The company then claimed that (emphasis added):
Nestlé immediately initiated a voluntary recall of refrigerated and frozen Nestlé Toll House cookie dough products as a precautionary measure.
These products are sold predominantly in the US, although small quantities are also exported to Puerto Rico, Bermuda, Bahrain and Singapore.
While the ongoing CDC epidemiological analysis links these illnesses to the consumption of raw cookie dough, the E. coli strain implicated in the investigation has not been detected in any Nestlé product. Nestlé is cooperating fully with the FDA and CDC to resolve the issue and, as soon as the situation has been clarified, Nestlé USA will put this much-loved product back on the market.
Nestlé, being a respected company, one might be inclined to believe them. However, an article in the Washington Post calls this claim into doubt:
Inspection reports from a Nestlé USA cookie dough factory released yesterday show the company declined several times in the past five years to provide Food and Drug Administration inspectors with complaint logs, pest-control records and other information. The records, which date to 2004, were made public after Nestlé’s Toll House refrigerated, prepackaged cookie dough was discovered to be the likely culprit in an E. coli outbreak that has sickened 69 people in 29 states, according to the latest estimates from the federal Centers for Disease Control and Prevention. The CDC and the FDA are investigating the outbreak.
According to the reports released by the FDA, the company declined to allow agency investigators access to certain documents in at least 2004, 2005, 2006 and 2007.
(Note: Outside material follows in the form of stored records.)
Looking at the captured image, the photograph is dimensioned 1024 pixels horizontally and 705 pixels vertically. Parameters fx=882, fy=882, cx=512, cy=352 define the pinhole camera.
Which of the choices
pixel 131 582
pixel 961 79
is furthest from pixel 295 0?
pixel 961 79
FDA spokeswoman Stephanie Kwisnek said the Glendale, Calif., unit of Switzerland-based Nestlé SA had the right to do so. “Companies have the right to make conditions on what they will or will not permit during an inspection,” she said.However, the FDA can force a company to comply if public health is at stake.
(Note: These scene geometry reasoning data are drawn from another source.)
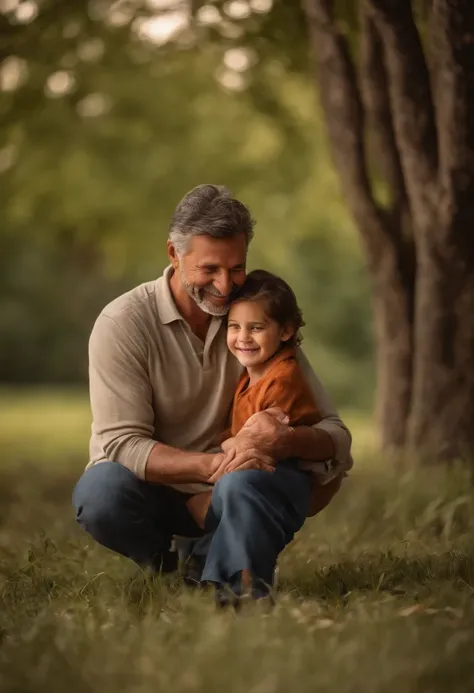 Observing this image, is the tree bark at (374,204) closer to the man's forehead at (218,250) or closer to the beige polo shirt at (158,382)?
the beige polo shirt at (158,382)

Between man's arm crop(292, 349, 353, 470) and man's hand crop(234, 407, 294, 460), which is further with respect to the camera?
man's arm crop(292, 349, 353, 470)

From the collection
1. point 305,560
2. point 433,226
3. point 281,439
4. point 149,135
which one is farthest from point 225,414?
point 149,135

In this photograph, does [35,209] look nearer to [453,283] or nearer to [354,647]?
[453,283]

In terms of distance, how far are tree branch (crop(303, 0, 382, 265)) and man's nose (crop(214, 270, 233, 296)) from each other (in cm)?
349

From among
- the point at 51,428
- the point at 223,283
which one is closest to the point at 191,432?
the point at 223,283

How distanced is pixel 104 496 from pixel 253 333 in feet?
2.67

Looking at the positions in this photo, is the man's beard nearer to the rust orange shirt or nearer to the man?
the man

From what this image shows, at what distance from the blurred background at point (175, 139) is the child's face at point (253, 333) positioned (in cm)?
466

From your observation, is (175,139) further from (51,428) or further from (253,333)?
(253,333)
In a statement, Nestlé said that it rejects any implication that it did not cooperate with the FDA and that it provided all information required under law, adding that its practices are standard within the food industry.
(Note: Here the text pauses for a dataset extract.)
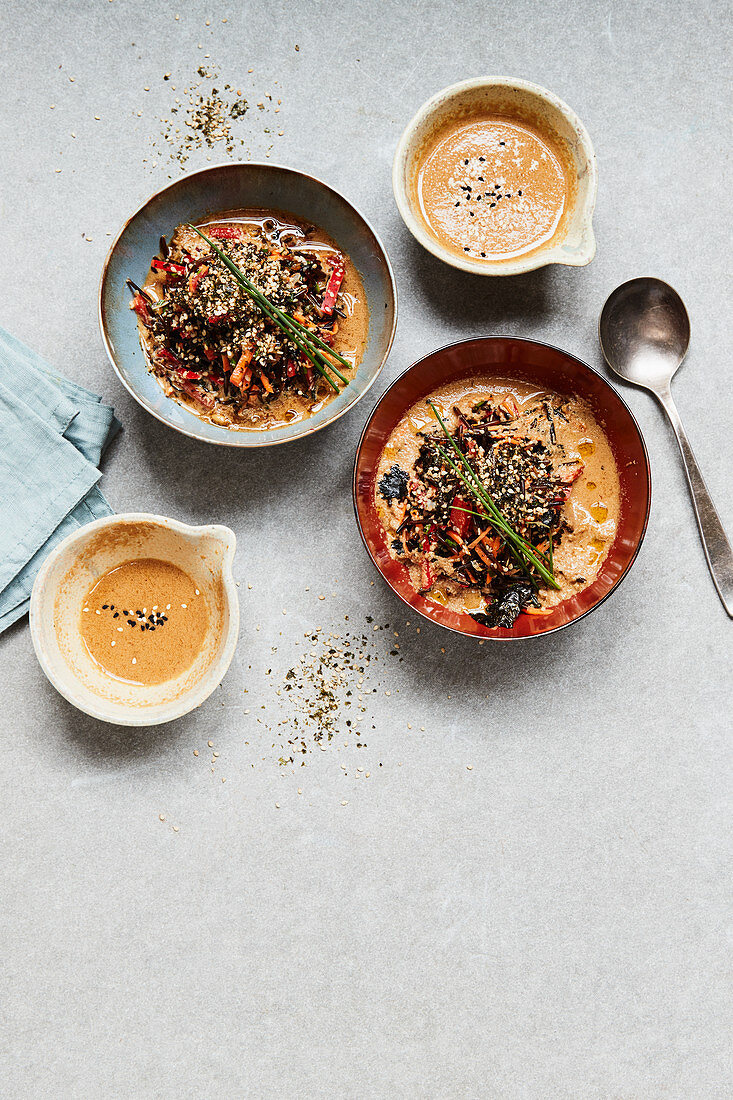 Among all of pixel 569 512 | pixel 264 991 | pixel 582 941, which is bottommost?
pixel 582 941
“Nestlé always fully cooperates with the regulatory authorities wherever it operates, and Nestlé is fully cooperating with the Food and Drug Administration at our Danville, Virginia plant in this matter,” the company said.
We are then to understand, that this is what Nestlé means when it says it is cooperating fully with authorities.
Nestlé does the minimum that is required by law, but not more, rides the thing out and then puts their much-loved-products back into the shelves. Much-loved product, by the way, sounds like its coming from North-Korea.
So, according to Nestlé even when they are not really cooperating, they are fully cooperating.
Must be Nestlé-logic coming from the Sixth Floor of Avenue Nestlé 55, 1800 Vevey, Switzerland. Probably even from the desk of the dear and beloved leader himself.